Yang menikmati hasil hanya segelintir orang.
Salah satu komedi terbesar adalah kenyataan bahwa harga kebutuhan pokok tidak pernah menunggu formula apa pun untuk naik. Tidak pernah ada rapat teknis untuk menaikkan harga cabai, tidak ada rapat koordinasi lintas kementerian untuk menaikkan kos-kosan, tidak ada sidang dewan pengupahan untuk menyesuaikan tarif ojek online.
Harga naik sesuka hati.
Tapi upah naik harus taat aturan super rumit. Kalau ada yang perlu diatur sebenarnya bukan upah buruh, tapi nafsu pengusaha dan ketakutan pemerintah.
Setiap kali buruh menuntut kenaikan upah layak, pemerintah selalu bertanya:
“Apakah tuntutannya tidak terlalu tinggi?”
Pertanyaan itu lucu.
Seolah-olah buruh menuntut kapal pesiar, bukan sekadar tambahan Rp150 ribu agar bisa membeli susu anak tanpa berhutang.
Buruh hanya ingin:
•makan 3 kali tanpa hitung gram nasi
•bayar kontrakan tanpa berdebar
•sekolah anak tidak putus
•punya tabungan meski receh
•pulang tanpa harus kerja lembur paksa
Apakah itu terlalu mewah?
Jika hal sederhana seperti itu dianggap “tuntutan besar”, maka republik ini sedang memelihara ilusi tentang kemajuan.
Mungkin pemerintah dan pengusaha menganggap perdebatan upah hanyalah soal angka.

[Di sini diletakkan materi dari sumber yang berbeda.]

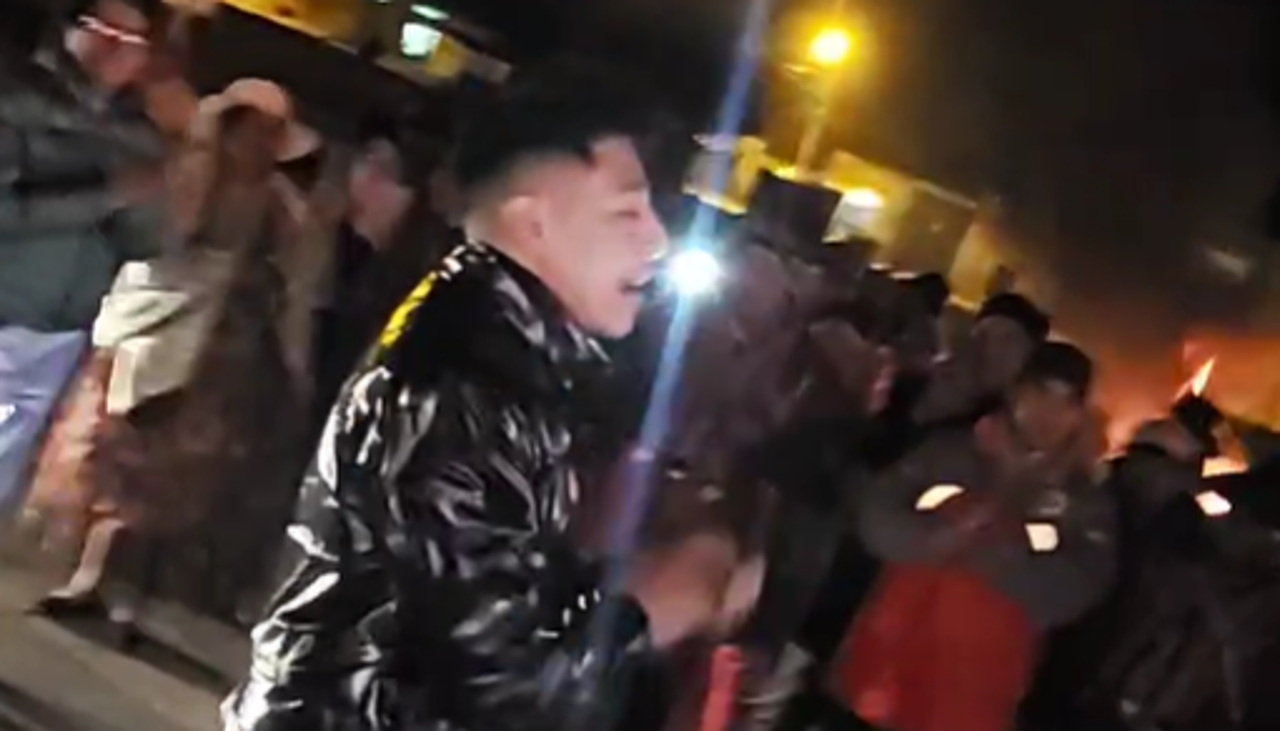 “Queremos interpretar una pieza para que nos dejen pasar”: Un grupo musical canta en un punto de bloqueo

Namun bagi buruh, angka itu adalah:
•apakah keluarga makan atau tidak
•apakah bisa berobat atau tidak
•apakah anak bisa sekolah atau tidak
•apakah bulan depan bisa bertahan atau tidak
Buruh tidak memperdebatkan teori ekonomi. Buruh memperdebatkan hak untuk hidup.

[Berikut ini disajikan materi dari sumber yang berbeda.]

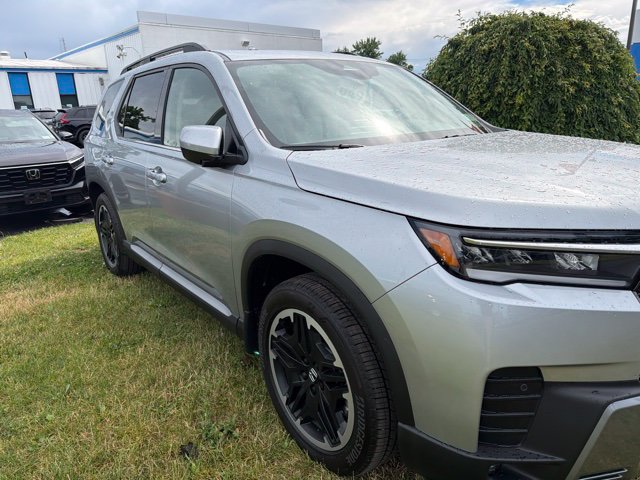 Used 2026 Honda Pilot Touring image 2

Dan setinggi apa pun satirenya, satu kebenaran tetap berdiri tegak:
Tidak ada bangsa yang benar-benar maju jika mereka membiarkan tulang punggung ekonominya patah.
Setiap tahun begitu.
Dari 2010 hingga 2025, pola yang sama berulang:
•buruh berharap
•pemerintah rapat
•pengusaha mengeluh
•angka diumumkan
•buruh marah
•aksi turun ke jalan
•pemerintah minta maklum
•siklus kembali dari awal
Tahun 2026 tidak akan berbeda, kecuali satu hal yaitu kesadaran buruh bahwa mereka sedang dipermainkan.
Ada adagium penting dalam perjuangan buruh: ketika kenyataan semakin absurd, satire menjadi satu-satunya cara menjelaskan kebenaran.
Dan kenyataan hari ini memang absurd:
• Pabrik pindah bukan karena upah, tapi upah tetap disalahkan.
• Pengusaha untung besar, tapi yang diminta berhemat adalah buruh.
• Pemerintah bicara kesejahteraan, tapi kebijakannya menghindari kesejahteraan.
Negara memanggil buruh “pahlawan ekonomi”, tapi memperlakukan mereka seperti figuran.
Kalau bukan buruh yang bersuara, siapa lagi?
Negara?
Pengusaha?
Tentu tidak.
Upah Minimum 2026 bukan nominalisasi pendapatan. Ia adalah cermin apakah negara ini benar-benar berpihak pada rakyat pekerja, atau sekadar pura-pura peduli sambil melayani kepentingan modal.
Buruh telah terlalu lama menjadi korban dari permainan politik, formula matematis, dan janji-janji kosong.
Tidak ada yang lebih provokatif daripada kenyataan itu sendiri.
Dan jika pemerintah masih berharap buruh hanya diam dan menunggu, maka mereka lupa satu hal:
Rakyat kecil boleh sabar, tapi tidak selamanya. Ketika hidup ditekan, suara akan meledak. Dan 2026 bisa menjadi tahun dimana satire berubah menjadi perlawanan nyata.